EKS major-version upgrade — fleet playbook

A playbook honed across six major Kubernetes versions (1.22 → 1.34) on roughly fifteen production EKS clusters in four AWS regions. The 1.33 → 1.34 iteration shipped in two working days end-to-end.

TL;DR

Major-version EKS upgrades are mostly about ordering, not the version bump itself. The control-plane upgrade is one API call; the failure modes live in the addons, the node AMI, the IRSA / Pod-Identity wiring, and the GitOps applications that ride on top.

The shape that consistently works:

Bump the shared Terraform modules (Karpenter, Bottlerocket, addon versions) first; staging branch → staging clusters, master branch → prod clusters.
Apply the new module to existing clusters before bumping cluster_version so addons are pre-staged.
Bump GitOps (ArgoCD) component versions in a separate MR so app reconciliation stays in lockstep.
Bump cluster_version one cluster at a time; verify before promoting to the next.
Watch four things during each upgrade: node-rotation pace, PodDisruptionBudgets, addon health, ArgoCD application status.

Why this is hard at fleet scale

Kubernetes deprecates APIs roughly every minor version. EKS deprecates addons on its own cadence, and AWS gives you ~14 months of “standard support” before a paid extended-support tier kicks in (which is meaningful money on a fleet). The pressure is constant; you have to keep moving.
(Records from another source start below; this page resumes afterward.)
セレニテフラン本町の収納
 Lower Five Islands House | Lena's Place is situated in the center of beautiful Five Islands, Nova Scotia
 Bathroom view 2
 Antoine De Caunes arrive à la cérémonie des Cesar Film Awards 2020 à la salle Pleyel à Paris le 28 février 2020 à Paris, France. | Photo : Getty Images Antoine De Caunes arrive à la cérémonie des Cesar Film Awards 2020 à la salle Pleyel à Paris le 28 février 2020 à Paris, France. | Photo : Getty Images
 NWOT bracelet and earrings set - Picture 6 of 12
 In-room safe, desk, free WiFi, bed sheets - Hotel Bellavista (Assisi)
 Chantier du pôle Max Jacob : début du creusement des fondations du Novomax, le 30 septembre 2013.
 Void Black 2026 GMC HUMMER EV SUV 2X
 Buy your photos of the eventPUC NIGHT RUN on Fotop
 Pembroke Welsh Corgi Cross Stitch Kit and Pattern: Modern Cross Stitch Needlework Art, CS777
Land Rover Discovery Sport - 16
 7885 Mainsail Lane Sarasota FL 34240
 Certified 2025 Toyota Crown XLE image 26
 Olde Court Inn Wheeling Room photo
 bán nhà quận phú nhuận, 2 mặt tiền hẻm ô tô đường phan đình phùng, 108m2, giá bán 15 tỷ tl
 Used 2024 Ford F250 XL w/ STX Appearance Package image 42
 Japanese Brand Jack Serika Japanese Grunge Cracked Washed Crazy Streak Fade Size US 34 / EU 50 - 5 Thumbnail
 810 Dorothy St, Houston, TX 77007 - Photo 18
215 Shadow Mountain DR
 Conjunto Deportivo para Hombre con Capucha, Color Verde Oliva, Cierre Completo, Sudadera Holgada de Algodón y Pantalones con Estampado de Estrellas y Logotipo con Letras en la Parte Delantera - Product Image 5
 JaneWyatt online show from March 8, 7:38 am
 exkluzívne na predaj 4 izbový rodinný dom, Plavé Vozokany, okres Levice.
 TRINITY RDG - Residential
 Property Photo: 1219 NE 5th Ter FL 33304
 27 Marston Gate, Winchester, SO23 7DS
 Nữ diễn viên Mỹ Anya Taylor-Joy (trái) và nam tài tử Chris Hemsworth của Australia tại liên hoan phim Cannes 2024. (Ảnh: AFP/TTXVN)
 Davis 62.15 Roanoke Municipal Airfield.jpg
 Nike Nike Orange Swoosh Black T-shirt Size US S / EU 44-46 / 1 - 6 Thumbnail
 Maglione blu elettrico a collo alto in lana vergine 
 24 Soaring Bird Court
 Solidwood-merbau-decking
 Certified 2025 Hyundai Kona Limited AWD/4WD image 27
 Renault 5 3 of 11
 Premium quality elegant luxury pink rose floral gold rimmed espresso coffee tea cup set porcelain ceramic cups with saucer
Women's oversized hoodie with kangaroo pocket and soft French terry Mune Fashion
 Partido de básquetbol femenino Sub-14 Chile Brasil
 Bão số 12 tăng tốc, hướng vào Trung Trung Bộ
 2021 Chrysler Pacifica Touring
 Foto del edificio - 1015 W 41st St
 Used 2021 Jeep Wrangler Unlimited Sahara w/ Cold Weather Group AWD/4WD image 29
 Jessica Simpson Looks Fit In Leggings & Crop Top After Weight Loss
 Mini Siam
A single-cluster upgrade is a 30-minute exercise. A fifteen-cluster, four-region, multi-account upgrade is a coordination problem. The work that scales it down to two days is not automation — it is making sure every cluster is shaped identically and every change rides the same shared module so a single MR moves the whole fleet.

Prerequisites

Before opening any upgrade MR, confirm:

Shared module versions support the target k8s version. For 1.34 specifically that meant Karpenter >= 1.12.0 and Bottlerocket >= 1.59. Read the Karpenter release notes for breaking CRD changes; read Bottlerocket release notes for kernel / runtime changes.
All addons have a published version that supports the target. Use aws eks describe-addon-versions --kubernetes-version <target> for VPC CNI, kube-proxy, EBS CSI, Pod Identity Agent, CoreDNS. If any addon doesn’t have a compatibleClusterVersions entry that includes your target, you cannot upgrade yet.
ArgoCD-managed apps have their chart pins reviewed. Anything pinned to a chart version that requires an older API group (extensions/v1beta1, policy/v1beta1, etc.) will silently break.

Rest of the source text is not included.